Having moved off of Redshift this summer, I just got my hands on a SQL Server instance to import all of our Data files. I'm more comfortable with MySQL so I had a little learning curve getting things set up and imported. I saved the Requests table for last since I could work on other visualizations while it was importing.
Our uncompressed Requests text file is 286GB and has been importing for the last 7 days. We are up to 46.9M rows (and counting at the time I write this) and I have no idea how much further we have to go.
Imagine the feeling when, yesterday at 6 days in, I realized that I messed something up and the ID field is importing NULL for every record. I'm letting it run to see how many rows I'm dealing with but ultimately will have to re-import it all over again.
What super awesome valuable reports you guys have gotten out of the requests table?
I've been able to create some nice (first pass) PowerBI reports to profile Canvas adoption using the other tables. Between import fatigue and a mild case of data-blindness, I'm wondering if I should bother with the requests file at all. Querying that thing at all is going to be a resource hog in and of itself, not to mention periodically updating it.
All ideas, advice, and condolences welcome.
Although I won't really be able to say from a perspective of a school. What queries I've run, I don't want to drop a little note in about: Requests Table that thread. There's lots of talk about optimizing the requests table itself. (Adding indexes to the table, and only importing part of it) Hopefully you can gleam some piece of info that works for you, and makes it a bit easier, even though it's mainly MySQL focused.
Doing full loads of a request table I've found is generally not worth it unless you absolutely need it for a query. I found it much easier to keep the fully downloaded file somewhere waiting to be imported, and import the latest 30 days worth of data. (then every day delete 31 days ago, and load in the new day).
I also figure I'll drop a note about some queries I'm either working on, or have finished:
- Building a "Path" through courses. Based on grades. Looking at how does a student who gets good grades go through a course, compared to bad grades. (Do they visit discussions more?
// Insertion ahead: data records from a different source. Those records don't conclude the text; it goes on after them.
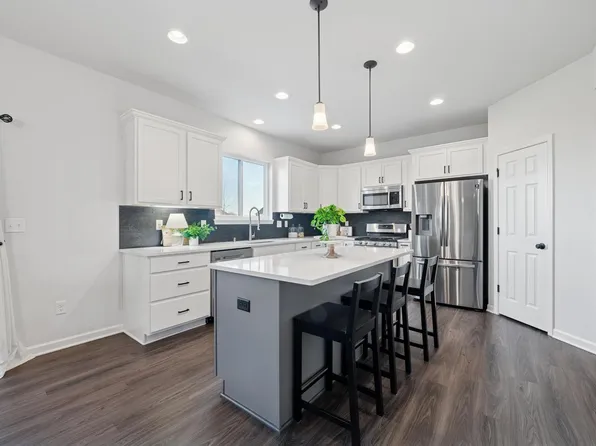 W139N6328 Bridal Wreath LANE, Menomonee Falls, WI 53051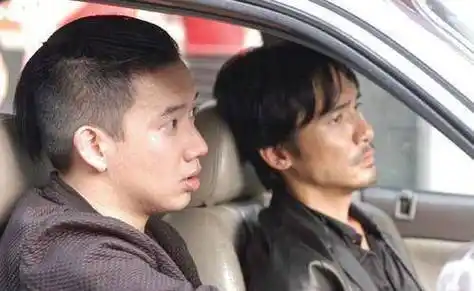 《无间道》里傻强是否知道陈永仁是卧底?_韩琛_按摩_身份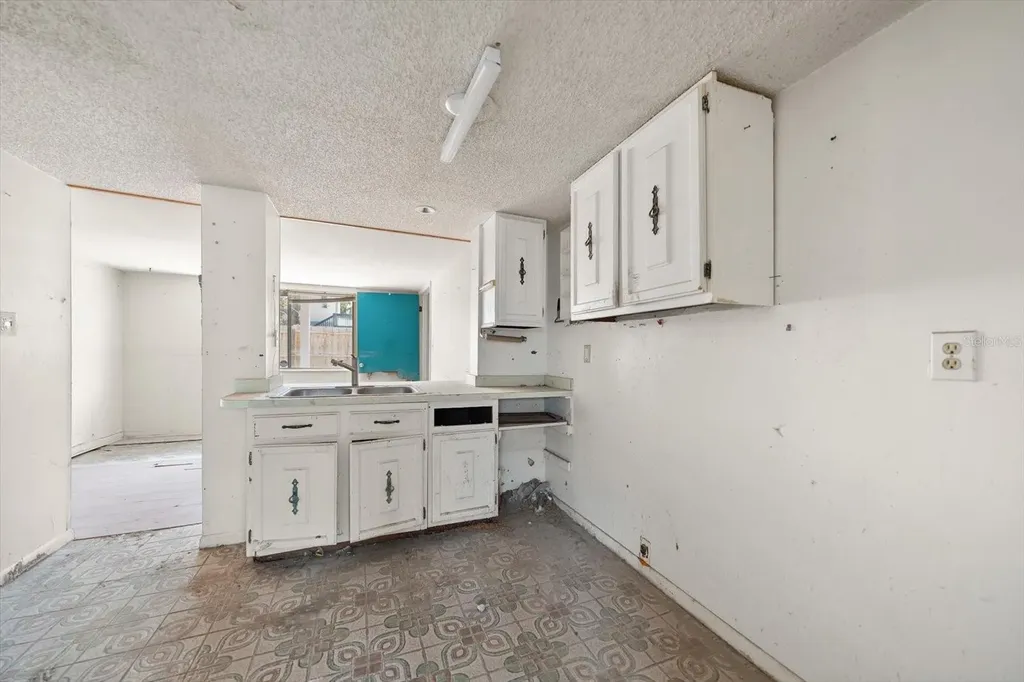 40 77th Avenue Treasure Island FL 33706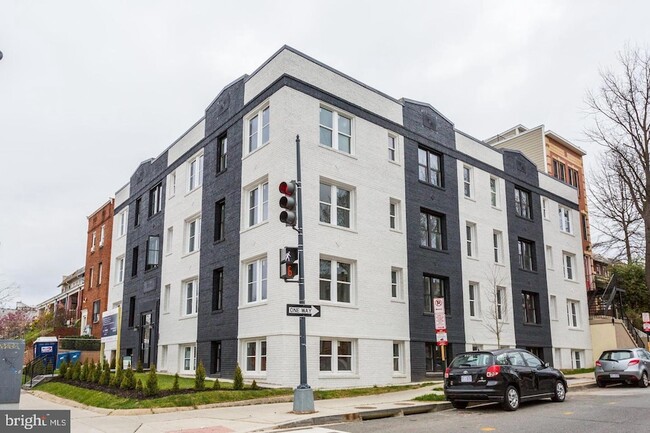 Building Photo - 3101 Sherman Ave NW Unit 103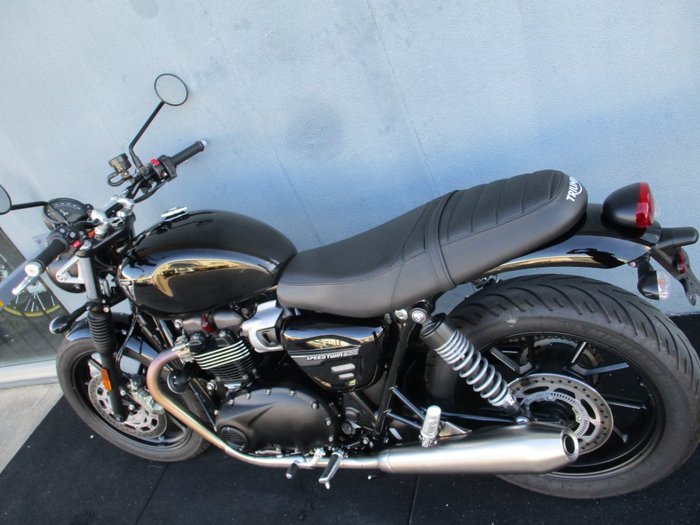 2025 Triumph BONNEVILLE SPEED TWIN Black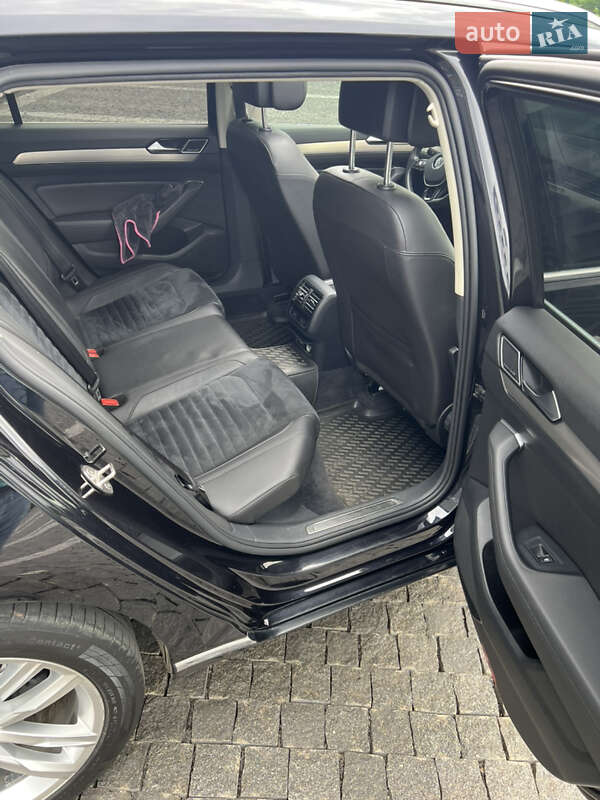 Универсал Volkswagen Passat 2016 в Хусте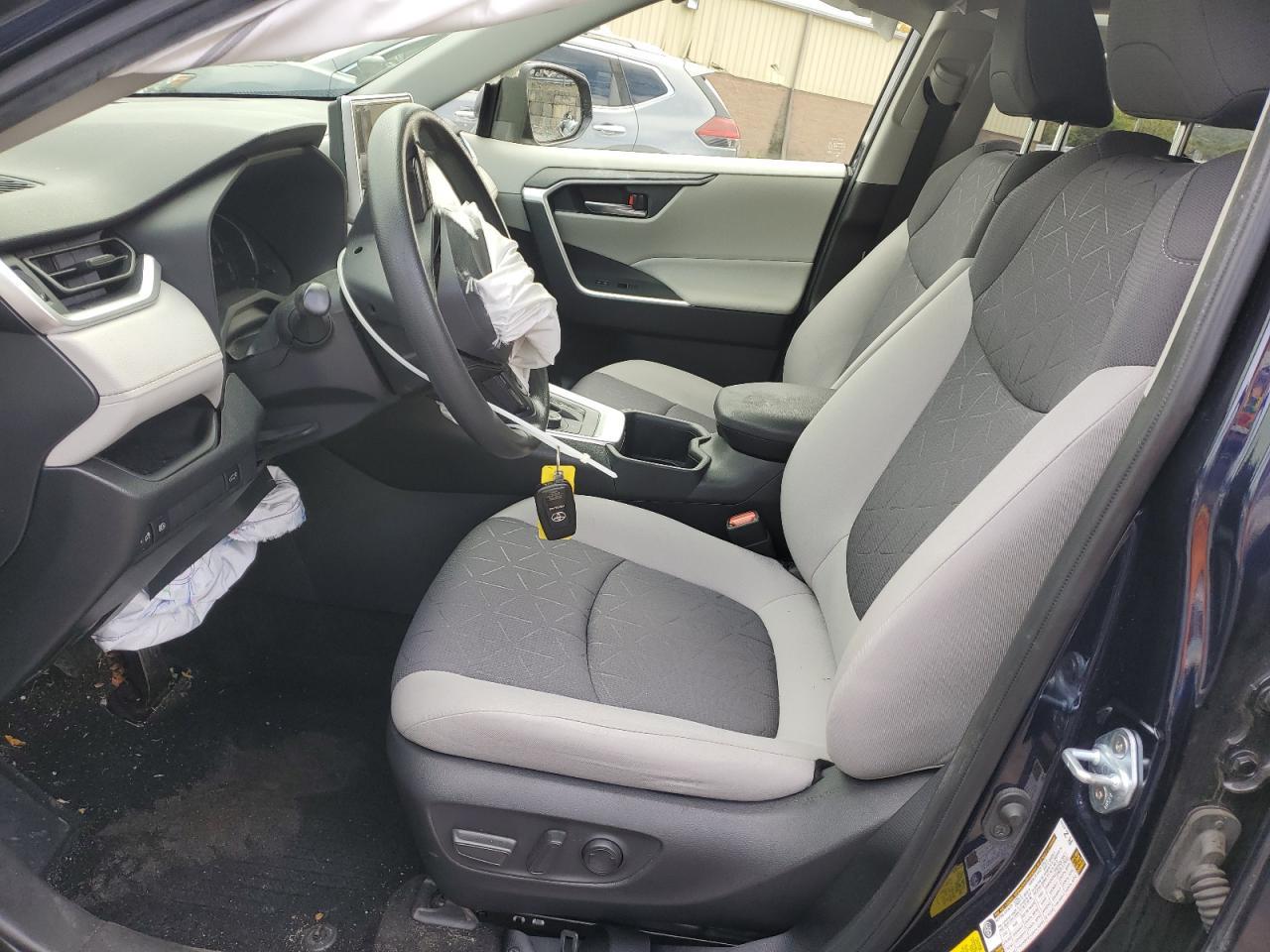 2023 Toyota Rav4 Xle - Image 7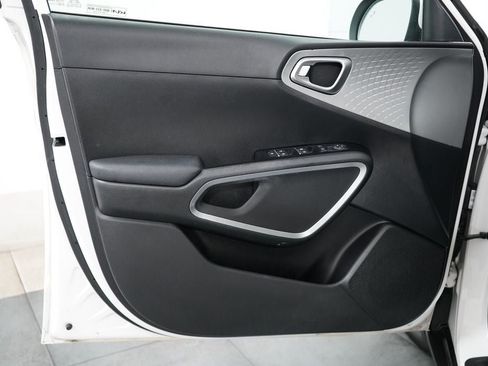 Used 2022 Kia Soul LX w/ Technology Package FWD image 23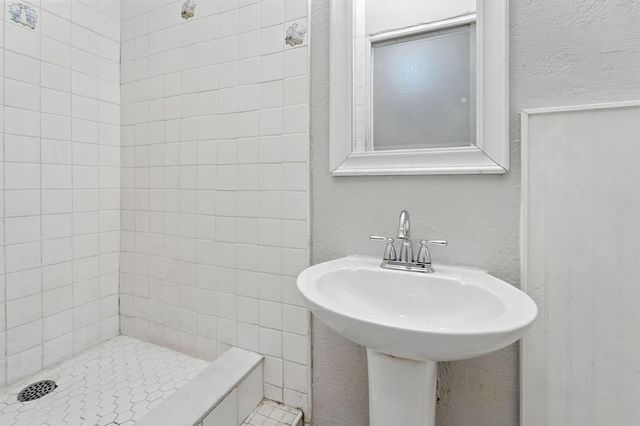 620 NE 57th Street, Fort Lauderdale, FL 33334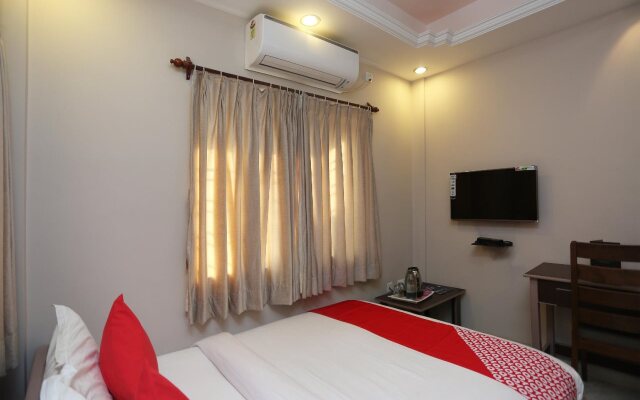 B S Guest House by OYO Rooms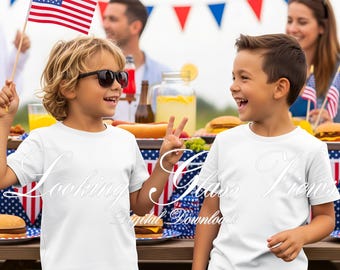 Maquete de camiseta infantil do 4 de julho, maquete para meninos americanos, tela branca Bella 3001Y, maquete de camisa infantil patriótica dos EUA, maquete dos melhores amigos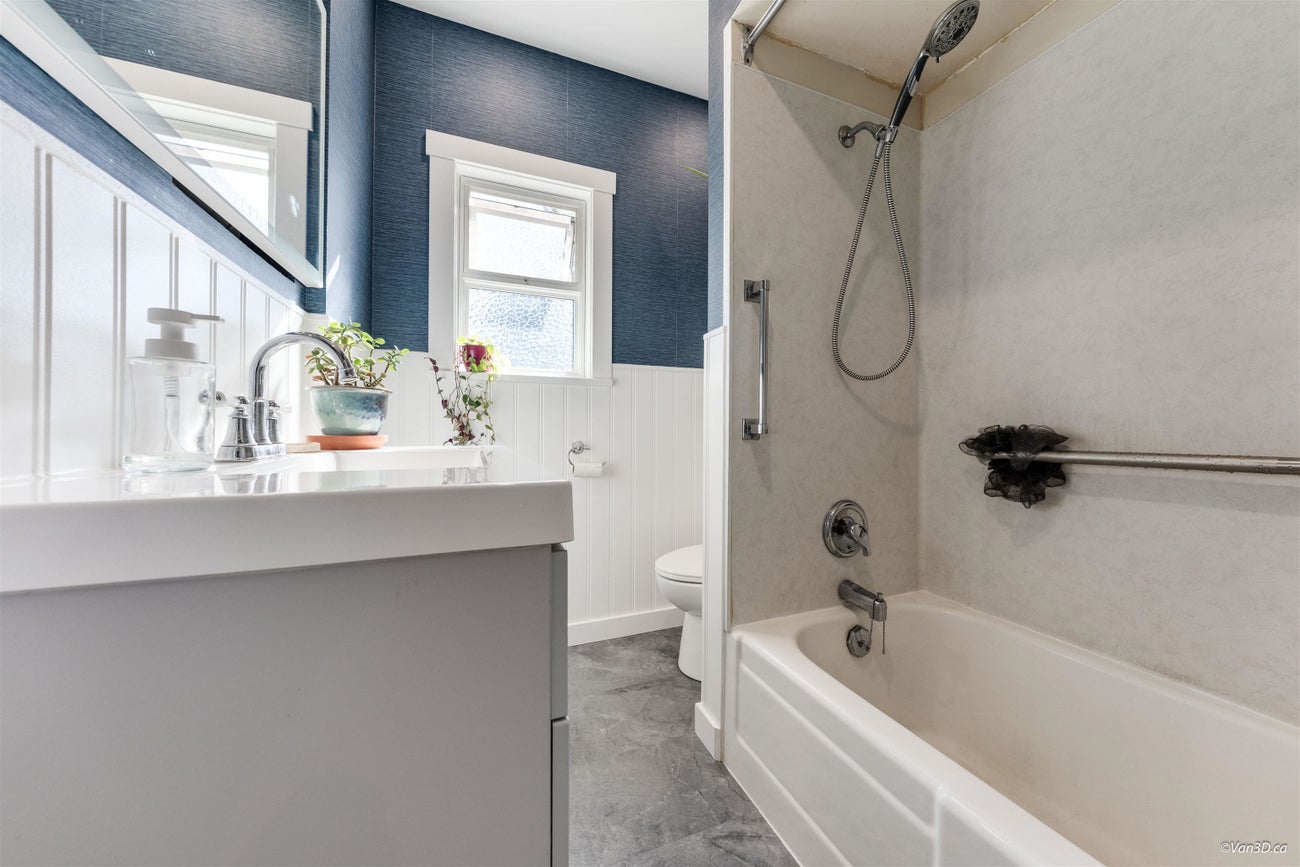 3726 Trinity Street - Vancouver Heights Single Family Residence for Sale, 4 Bedrooms (R3048471) #12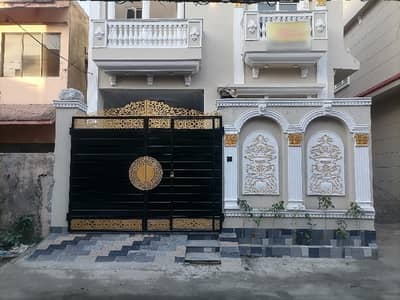 Super Town House For sale Sized 4 Marla
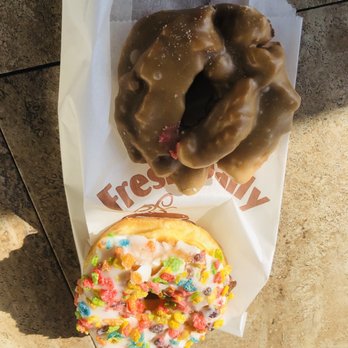 Dolly's Donuts - Donuts Near Me - Orange, California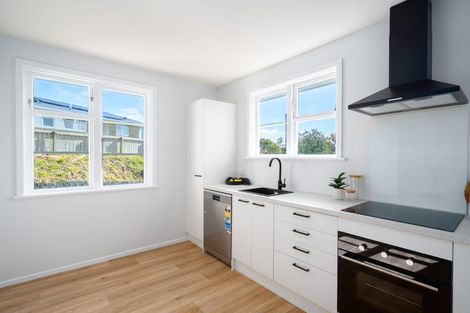 Photo of property in 35 Gloucester Street, Cannons Creek, Porirua, 5024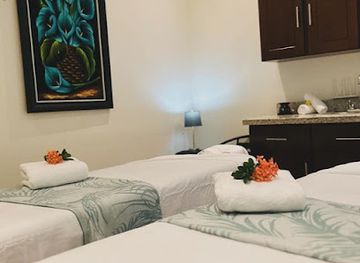 costa-rica/playa-flamingo/nightclub/moonflower-spa-and-salon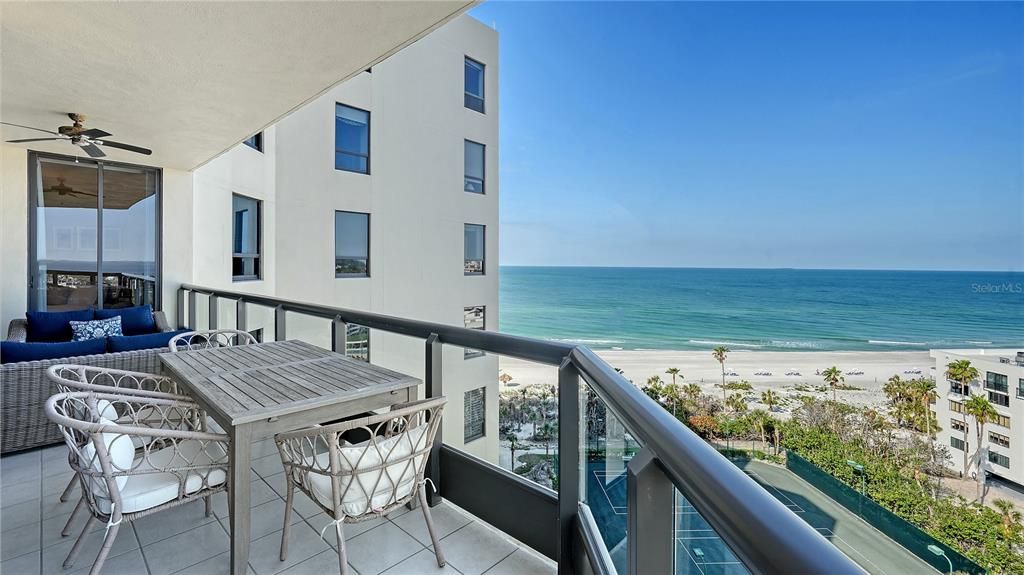 Activo con contrato: $2,495,000 (2 camas, 3 baños, 2655 Pies cuadrados)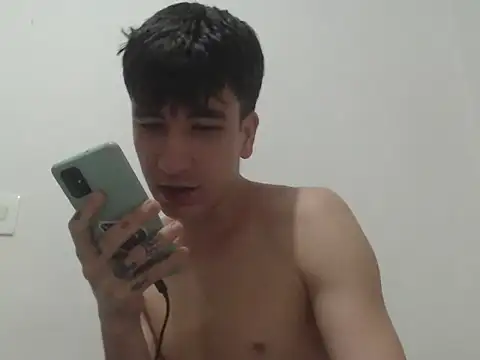 Snapshot of younewmaster chatting on 10/28/25, 12:30 younewmaster online show from 10/28/25, 12:30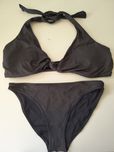 Czarne bikini idealne na lato
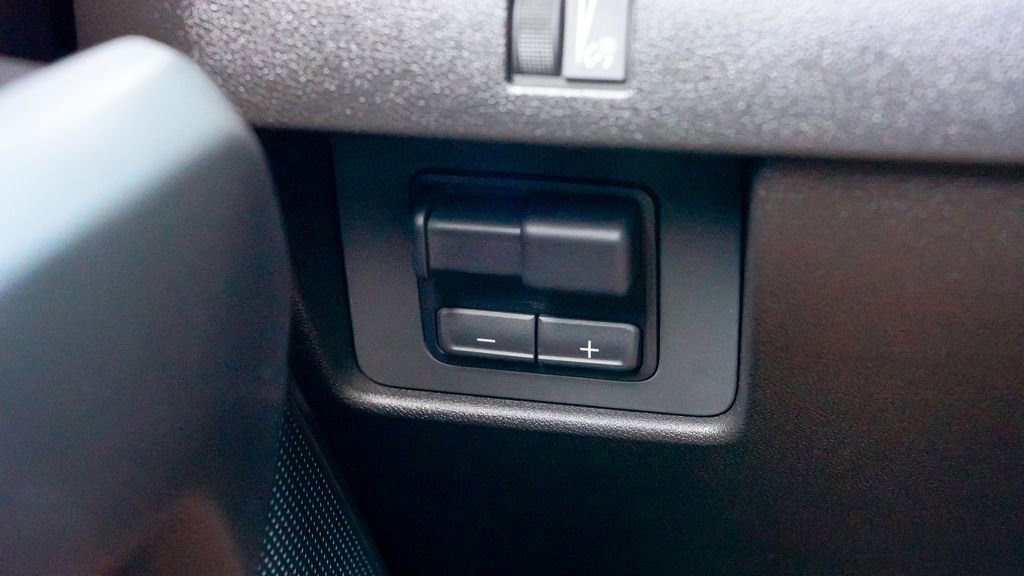 Used 2025 GMC Canyon Elevation image 25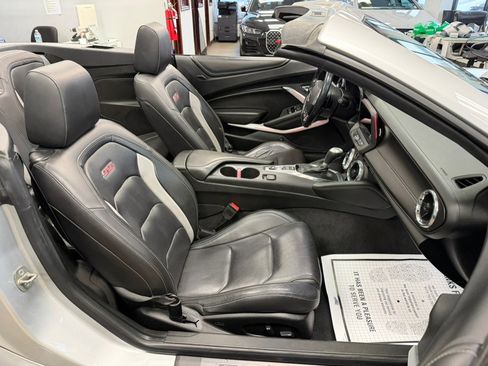 Used 2019 Chevrolet Camaro SS image 78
Do they take longer quizzes? etc.)
- I do my own (as I know others do), do detection of app based users/web based users. Brenden Goetz made an open tableau book (which contains SQL Queries): Device Usage in Canvas Data with Tableau there.
Thanks Eric, I appreciate the feedback.
I'm definitely going to devise a partial loading strategy. The tricky part is knowing which of the gzip files to keep in the directory to unpack since it's not easy to determine what files match up with any particular time frame. I'm thinking several tables broken up by year (if I can figure out where that line is).
One month's data might serve well for designing a model but once we have it locked in, we'd probably need the full historical for any predictive analytics we come up with.
I really do not mess with the requests table all that much. At the request of course designers, I have compared page designs to see which yields higher page requests and also used it in cases where the question of specific student actions come up. At present I have one report which identifies if instructors have set up certain parts of the class before the start date by identifying if their user_Id has records with specific pages..
In all of those cases I never download the entire request table. I typically query the Redshift db directly with very specific "where" parameters. In the the future, if I have to download say a month's worth of data I am going to use the "import-csv" command in powershell and basically write a script to get what I need out of it.
Only other thing I will mention is using the CLI tool gets everything in real quick and small. You'd still have to unpack it though.
I don’t download the requests table but it’s available to me in a “data lake”. I access it using Alteryx and recently used this to obtain lists of unique activity dates per student. From this I can calculate the percentage of days a student was active within a course and also the average gaps between active days.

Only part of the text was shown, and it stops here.